If a movie that cost $200m bombs on its release, the losses are catastrophic. 2023’s The Marvels, for example, grossed $206m worldwide, but had a budget of more than $300m. Compare that to the horror movie Insidious: The Red Door, which made $189m but had a budget of only $16m. Even if it had made a scant $20m, its financial backers would have been in a much better position than the ones behind The Marvels.
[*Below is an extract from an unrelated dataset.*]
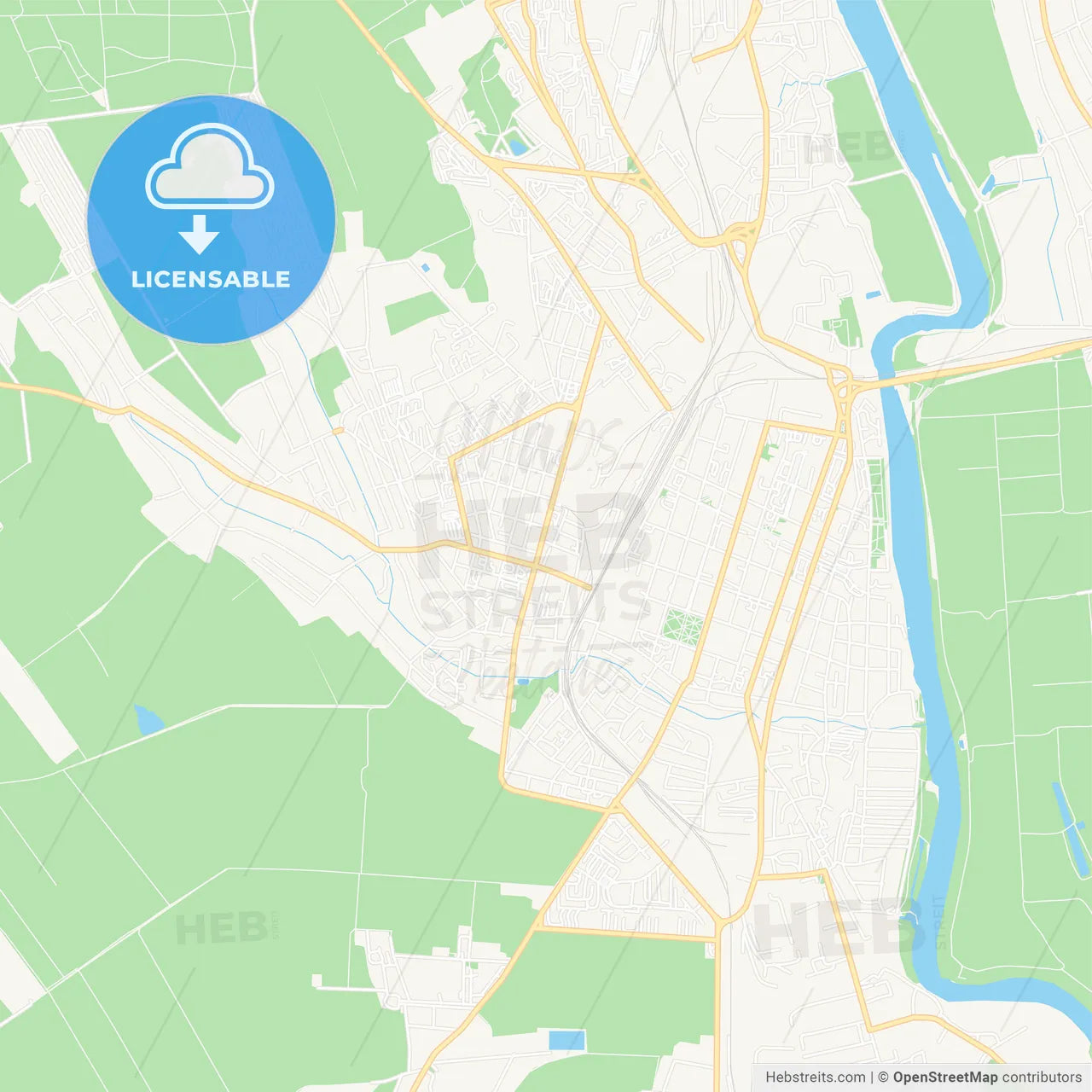 Bender (Tighina), Moldova Vector Map - Classic Colors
Based on the surprise success of Backrooms and Obsession, coupled with the lacklustre returns of The Mandalorian and Grogu and last year’s superhero efforts, it seems likely that Hollywood will start funnelling money into horror with a renewed sense of urgency. Barker is already signed on to remake Texas Chainsaw Massacre, Backrooms is practically tailor-made to be a franchise, and you can guarantee that septuagenarian studio executives are already filtering YouTube searches for creepypasta content to find their next wunderkind.

All of this might sound like good news for horror fans and anyone else who feels mildly sick at the mere mention of Marvel or Star Wars, but if there’s one thing for which Hollywood can be relied upon, it’s ruining a good thing through greed and misinterpretations of audience enthusiasm. When the queer hockey romance Heated Rivalry became a sensation at the end of 2025, one unaffiliated studio executive said that his takeaway from its success was that audiences wanted stories that moved faster.
It’s true that the show covers nearly a decade over the course of just six episodes, but it’s unlikely that that was the element that created untold millions of adoring fans as opposed to, say, the concept of non-tragic gay romance and impeccable writing, acting, cinematography, and production design.
In other words, Hollywood has a history of being unable to read the room and very able to throw money at things. We will almost certainly see an influx of horror movies, but that doesn’t mean they’ll be of the calibre of Weapons, Obsession, and Backrooms. It’s worth remembering that the superhero genre was not inherently soulless, artless, and bloated until Marvel started cranking them out like sadists at a puppy farm. The same will probably be true of studio-produced horror movies for the foreseeable future.
They’ll hire young auteurs, saddle them with $100m budgets and 15 producers, and pat their shareholders on the back while critics cry into their notebooks. At least we’re almost guaranteed to get an episode of The Studio out of it.